As noted above, we entered into the $200 million MSCG Credit Facility in August 2013, at which time we borrowed $68 million. We used a portion of these funds to repay in full the then-outstanding balance of the MBL Swap Facility. In doing so, we recognized a loss on the early extinguishment of the MBL debt of approximately $3.7 million, which consisted of a prepayment penalty and the write-off of unamortized deferred financing costs. In October 2013, we borrowed an additional $40 million under the MSGC Credit Facility to acquire certain working and net revenue interests in the Spyglass Property from one of our working interest partners.

 

As noted above, we issued secured Bonds having a face value of $175 million (approximately $173.4 million net of original issuance discount) through a Rule 144A / Regulation S private offering in August 2014. A portion of the proceeds received from the issuance of the Bonds was used to fully repay our then-outstanding balance under the MSCG Credit Facility. In repaying the amounts due under the MSCG Credit Facility prior to its scheduled maturity, we recognized a loss on the early extinguishment of debt totaling approximately $11.9 million, which included amendment and prepayment penalties totaling approximately $5.5 million and the non-cash write-off of approximately $6.4 million of unamortized deferred financing costs.

 

We recognized aggregate interest expense of totaling approximately $10.6 million for the nine-month period ended September 30, 2014 related to the MSGC Credit Facility and Bonds, which includes the amortization of deferred financing costs and amortization of the original bond discount. The amortization of deferred financing costs and the original issuance bond discount are non-cash items. Interest expense related to the MBL Swap Facility and the MSCG Credit Facility totaled approximately $2.1 million for the nine-month period ended September 30, 2013, including the amortization of deferred financing costs. The specific terms of our Bonds are discussed in the “Liquidity and Capital Resources” section, below.

 

We recognized losses on the normal monthly settlement of price swap agreements totaling approximately $1.1 million, and unrealized gains related to changes in the fair value of price swaps totaling approximately $8.0 million for the nine-month period ended September 30, 2014, in connection with price swap agreements entered into pursuant to our MSCG Credit Facility. In addition, as stated above, we were required to settle our outstanding price swaps with MSGC in August 2014, prior to their maturity, in connection with the early extinguishment of the MSCG Credit Facility. In doing so, we recognized a one-time loss of approximately $6.4 million.
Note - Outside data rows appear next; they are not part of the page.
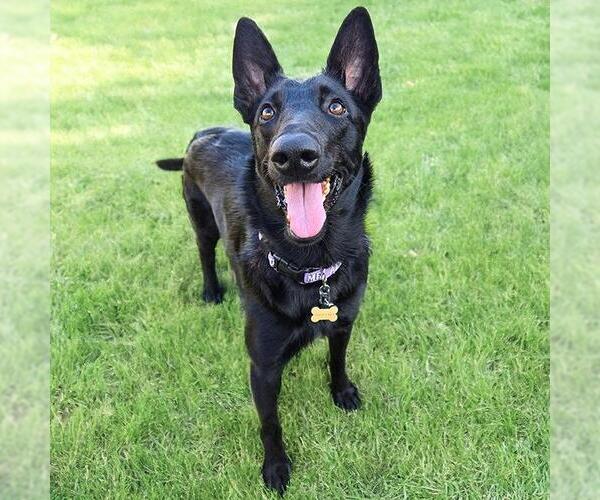 Medium Photo #17 German Shepherd Dog-Whippet Mix Puppy For Sale in San Diego, CA, USA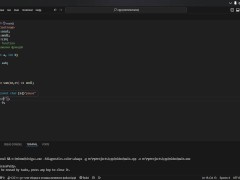 #19 Function overloading - Screenshot 4 of 16 - Coding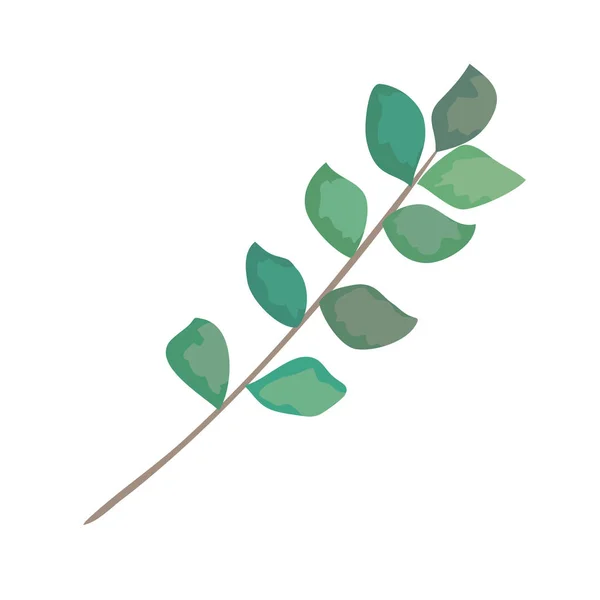 Rama con icono de hojas — Vector de stock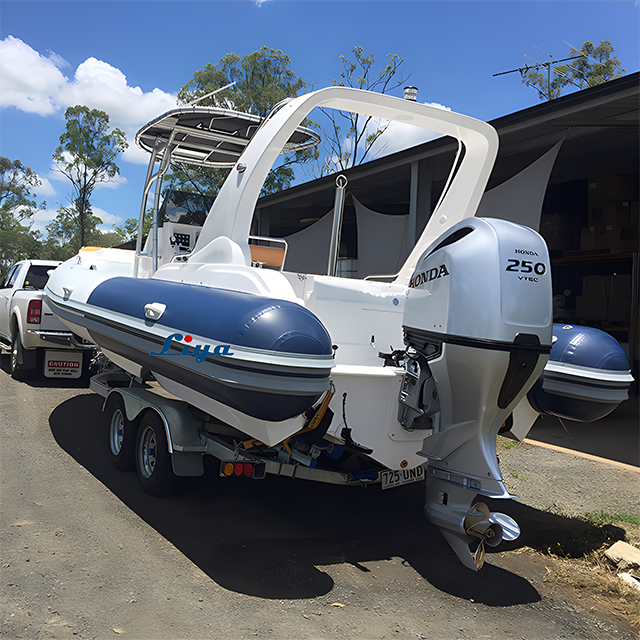 Bateau pneumatique semi-rigide/Bateau RIB de 24,7pieds/7,5M 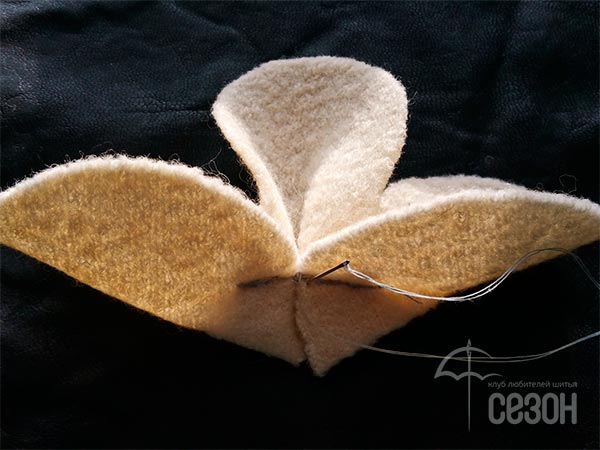 foto_12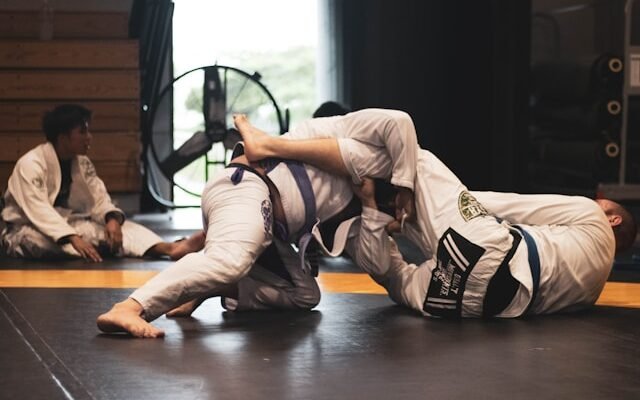 Jiu-Jitsu brésilien
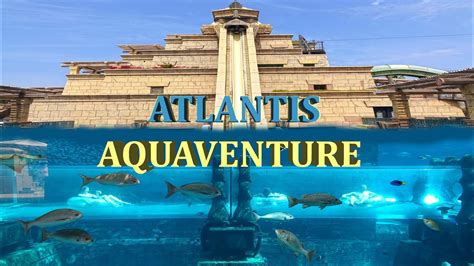 Atlantis Aquaventure Water Park - The Palm , Dubai 4K - YouTube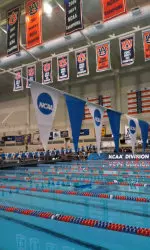 Three Hoosiers have made it back for tonight's finals session on day one of the NCAA Swimming and Diving Championships.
We also recognized realized gains totaling approximately $115,000 and unrealized losses related to changes in the fair value of price swaps of approximately $775,000 for the nine-month period ended September 30, 2013 in connection with price swaps agreements entered into pursuant to the MBL Swap Facility. The price swap agreements associated with the MBL Swap Facility were settled upon the full repayment of the MBL Swap Facility in August 2013.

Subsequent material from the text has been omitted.